Por isso devemos estar interiormente no mínimo em estado de alerta, se
necessário em estado de contingência e em alguns casos mesmo em
estado de calamidade. Cada um veja em que estado ou nível se coloca
neste tempo do advento e que tome as medidas adequadas à protecção
do nosso bem-estar, quer dizer à protecção do bem ser.
O Senhor Jesus não vem para nos tirar ou roubar nada; vem sem nada
para nos dar tudo; mas primeiro temos de nos esvaziar de coisas fúteis e
inúteis, de coisas que não saciam, de vaidades no sentido de vanidades,
de tal modo que quando Ele vier encontre estalagem para nascer, crescer
e habitar. Então quando Ele entrar a minha vida muda, o olhar, o sentido,
os rostos, os horizontes, a força e alegria.
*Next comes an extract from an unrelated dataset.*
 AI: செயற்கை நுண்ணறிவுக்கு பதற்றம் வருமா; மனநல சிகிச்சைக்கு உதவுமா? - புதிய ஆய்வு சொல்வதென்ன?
Voltando à Palavra de Deus deste dia ouvimos: «Vós sabeis em que tempo
estamos: Chegou a hora de nos levantarmos do sono, porque a salvação
está agora mais perto de nós do que quando abraçámos a fé. A noite vai
adiantada e o dia está próximo. Abandonemos as obras das trevas e
revistamo-nos das armas da luz».
A luz é a nossa arma. A luminosidade de um olhar é uma arma fortíssima,
porque projecta luz, franqueza e confiança, para dentro e para fora. Os
nossos olhos não só vêem a luz, como são fonte dela; há olhares que
espalham luz à sua volta como uma candeia, tal como afirma o livro dos
provérbios «Um olhar luminoso alegra o coração» (Prov. 15, 30).

Não é por acaso que no cancioneiro regional açoriano, em Olhos Negros a
gente canta: «Os teus olhos são brilhantes, semelhantes aos luzeiros que o
céu tem», ou seja, não somos apenas consumidores de luz, mas seus
produtores e projectores, quando «abandonamos as obras das trevas e
nos revestimos das armas da luz».
Ao celebrarmos a Eucaristia, temos consciência de que ela nos oferece já o
penhor da nossa salvação. De facto, a salvação está agora mais perto de
nós, assim o desejemos pois «agora e em todos os tempos, Cristo vem ao
nosso encontro, presente em cada pessoa humana, para que o acolhamos
na fé e o testemunhemos na caridade, enquanto esperamos a feliz
realização do seu reino». Assim seja.